Demo: RocksDB State Store for Streaming Aggregation

This demo shows RocksDB State Store used to keep state of a streaming aggregation.

FIXME

  1. Use Memory Data Source as the source
  2. Logging does not work

Configure RocksDB State Store

Configure RocksDBStateStoreProvider to be the StateStoreProvider in spark-shell.

./bin/spark-shell \
  --conf spark.sql.streaming.stateStore.providerClass=org.apache.spark.sql.execution.streaming.state.RocksDBStateStoreProvider

Send Records

val events = spark
  .readStream
  .format("rate")
  .load
  .withColumnRenamed("timestamp", "event_time")
  .withColumn("gid", $"value" % 5) // create 5 groups

Define Windowed Streaming Aggregation

The streaming query uses Update output mode with a streaming watermark.

val windowed = events
  .withWatermark(eventTime = "event_time", delayThreshold = "10 seconds")
  .groupBy(
    $"gid",
    window(
      timeColumn = $"event_time",
      windowDuration = "5 seconds"))
  .agg(
    collect_list("value") as "vs")
windowed.printSchema
root
 |-- gid: long (nullable = true)
 |-- window: struct (nullable = false)
 |    |-- start: timestamp (nullable = true)
 |    |-- end: timestamp (nullable = true)
 |-- vs: array (nullable = false)
 |    |-- element: long (containsNull = false)

Start Streaming Query

import java.time.Clock
val timeOffset = Clock.systemUTC.instant.getEpochSecond
val queryName = s"Demo: RocksDB for Streaming Aggregation ($timeOffset)"
val checkpointLocation = s"/tmp/demo-checkpoint-$timeOffset"

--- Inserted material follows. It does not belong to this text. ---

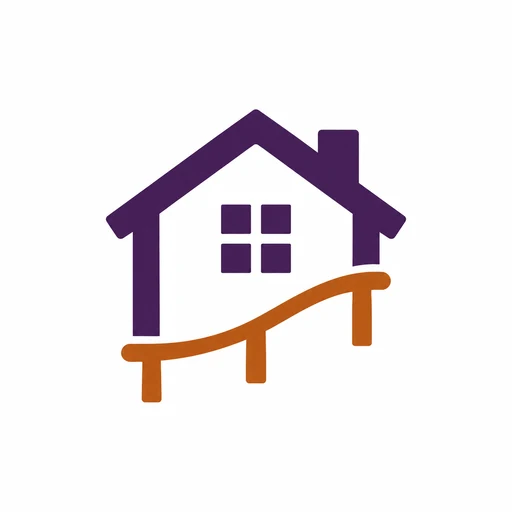 Mobility Aids Home Hub logo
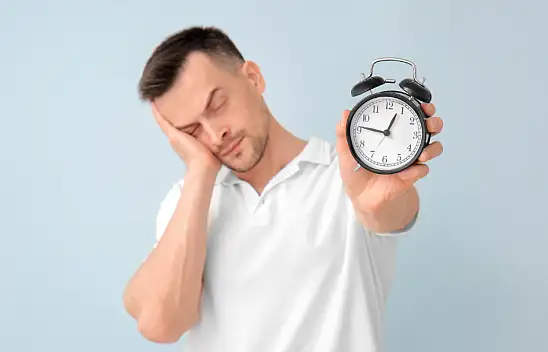 Kayseri'ye uyku yok! Sabahı Sabah edeceksiniz!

import scala.concurrent.duration._
import org.apache.spark.sql.streaming.OutputMode.Update
import org.apache.spark.sql.streaming.Trigger
val sq = windowed
  .writeStream
  .format("console")
  .option("checkpointLocation", checkpointLocation)
  .option("truncate", false)
  .outputMode(Update)
  .queryName(queryName)
  .trigger(Trigger.ProcessingTime(5.seconds))
  .start

The streaming query gets executed and prints out Batch 0 to the console.

-------------------------------------------
Batch: 0
-------------------------------------------
+---+------+---+-------+
|id |window|vs |seconds|
+---+------+---+-------+
+---+------+---+-------+

Cleanup

spark.streams.active.foreach(_.stop)